Memory is the process of storing and retrieving information in the brain. Memory is viewed as a three-step process, which include sensory memory, short-term memory, and long-term memory. Along with memory there is also forgetting. There are two types of forgetting, availability and accessibility.
Sensory memory is memory that continues the sensation of a stimulus after that stimulus ends. The two major types of sensory memory are iconic and echoic. Iconic memory occurs when a visual stimulus produces a brief memory trace. This is called an icon. Echoic memory is the brief registration of sounds or echos in memory. A major factor that influences what will be remembered is attention.
Close attention enhances memory by focusing on a limited range of stimuli. The capacity for sensory memory is very small. The duration for icons lasts about a half of a second. Echoes lasts for around four seconds. Short-term memory holds information for fairly short intervals.
Its duration ranges from 15 to no more than 30 seconds. The capacity of short-term memory is very limited due to the studies of memory span. The 3 basic processes studied with memory are encoding, storage and retrieval. They all have an impact on short-term memory. Encoding is acoustic, where remembering has to do with acquiring the information in the beginning.It also can be visual.
The next aspect is storage. In order to increase ones storage ability one must be familiar with chunking. Chunking allows a person to remember more information. By repeating an item over and over again ones memory can be increased by a method called rehearsal.
The third process is retrieval.With retrieval one can scan memory in order to retrieve items. Long-term memory is another type of memory where materials are stored for a much longer time. They can be stored as long as a lifetime. Long-term storage is more likely to be achieved when smaller amounts of information are used.
The main forms of encoding for long-term memory are semantic, and sometimes visual. There are two basic types of memory, declarative and procedural. These are two types of memory devoted to facts and skills.
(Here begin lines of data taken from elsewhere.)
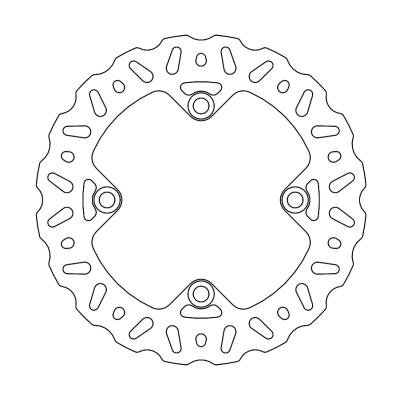 Disque de frein Wave Moto Master arri&egrave;re MM Nitro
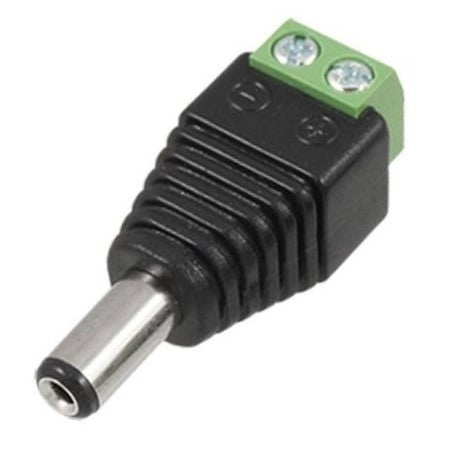 Adaptador de DC macho 2.1mm a bornera-1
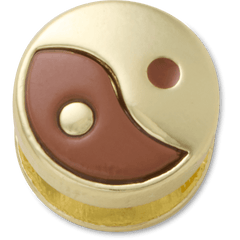 Crocs - Brown Yin Yang Icon Jibbitz™ charms Women|Men|Jibbitz™ Charms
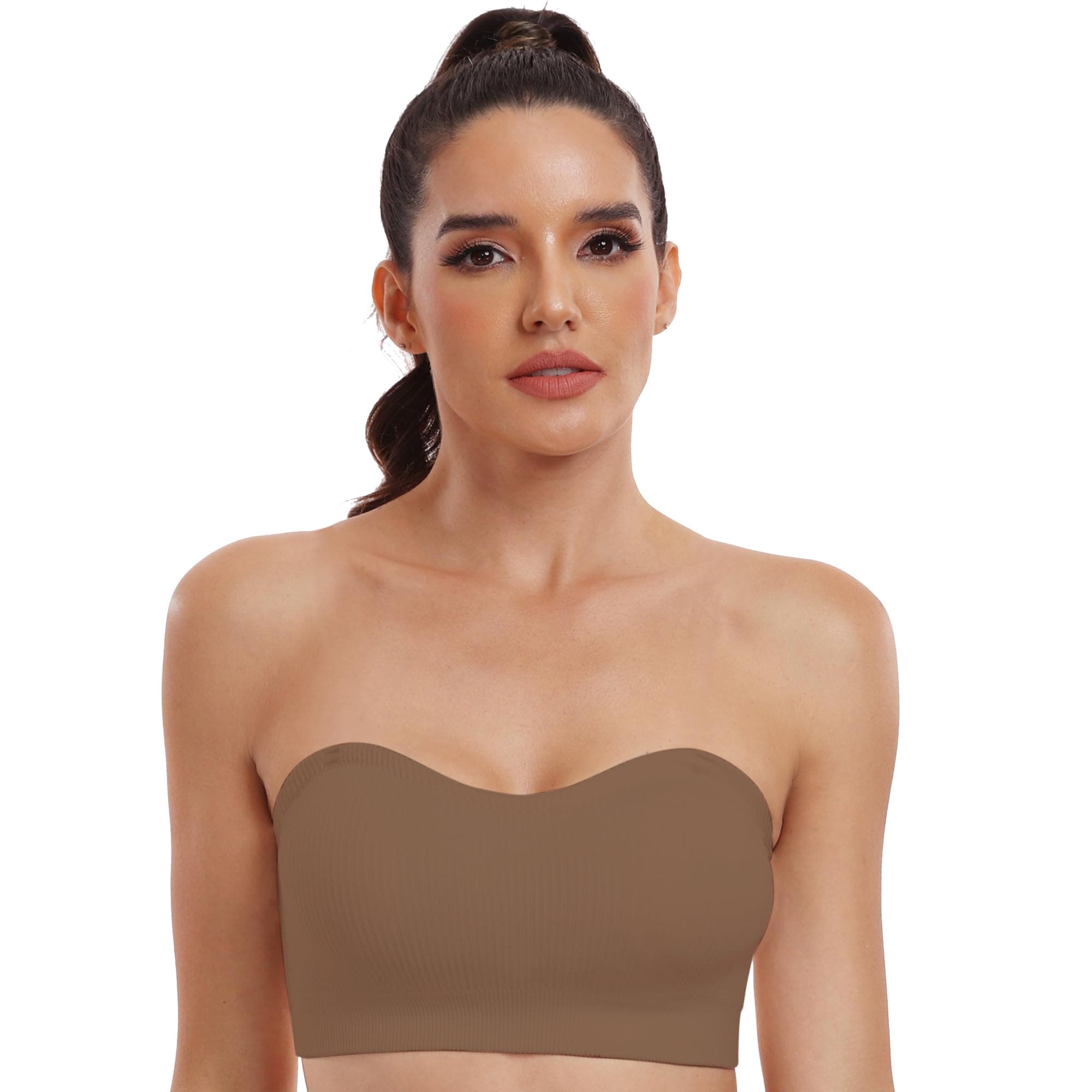 OBICUM Non-Slip Silicone Strapless Bra for Women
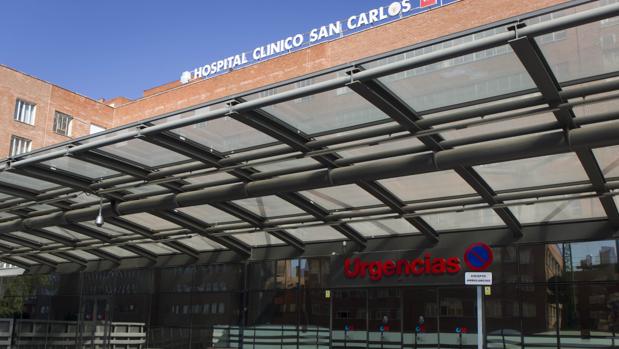 Entrada a urgencias del Hospital Clínico San Carlos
Retrieval for long-term memory is dependent on priming by cues.
There are also many mnemonic devices that are used to retrieve information from memory. Two theories of forgetting are availability and accessibility. Availability is information loss. The four theories of this type are trace-decay, disuse, interference, and encoding failure. Trace-decay theory is when there is no trace of memory due to lack of rehearsal. Disuse theory suggests that repeated retrieval of similar information lead to forgetting. Interference theory suggest that what is already in memory competes with newly learned information.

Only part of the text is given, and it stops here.